Information provided »
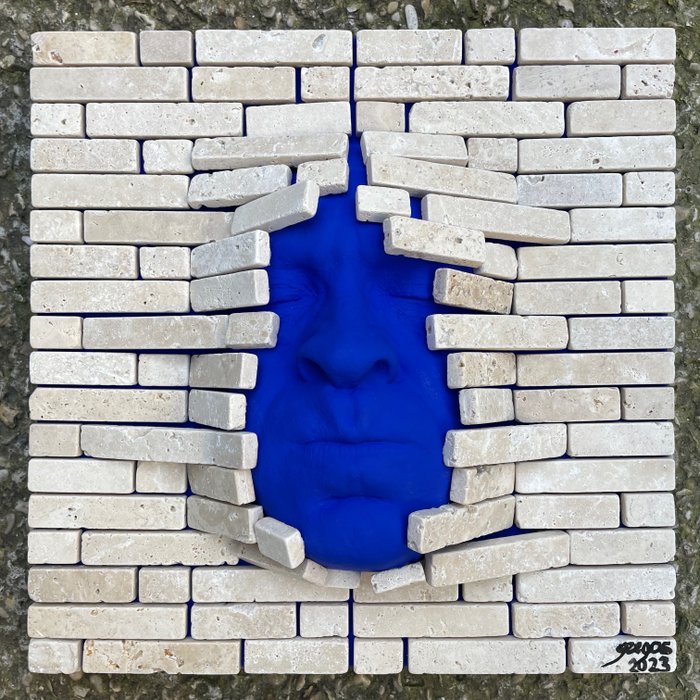 Image 2 of Gregos (1972) - Blue breath behind bricks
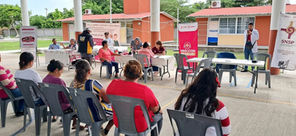 LLEVAN JORNADA DE SALUD Y SERVICIOS A LA COMUNIDAD DE COBOS, EN TUXPAN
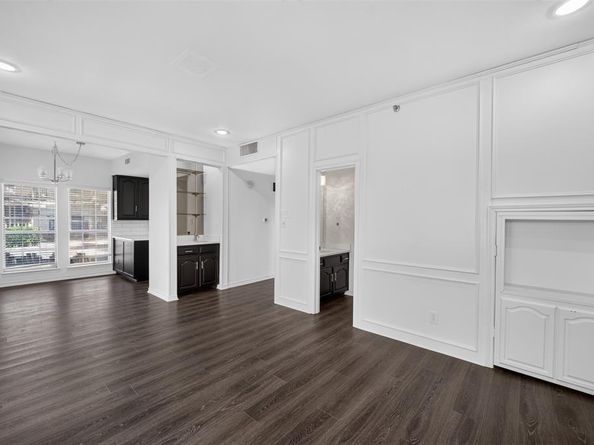 1319  Birkenhead Court , Dallas Texas 75204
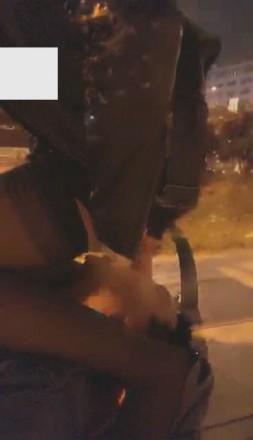 VIVI圣诞节马路边花式圣水超刺激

What you need to do » Would it be possible to give the material above again exactly, with the pictures left out?

Response to this task »
 Image 2 of Gregos (1972) - Blue breath behind bricks
 LLEVAN JORNADA DE SALUD Y SERVICIOS A LA COMUNIDAD DE COBOS, EN TUXPAN
 1319  Birkenhead Court , Dallas Texas 75204
 VIVI圣诞节马路边花式圣水超刺激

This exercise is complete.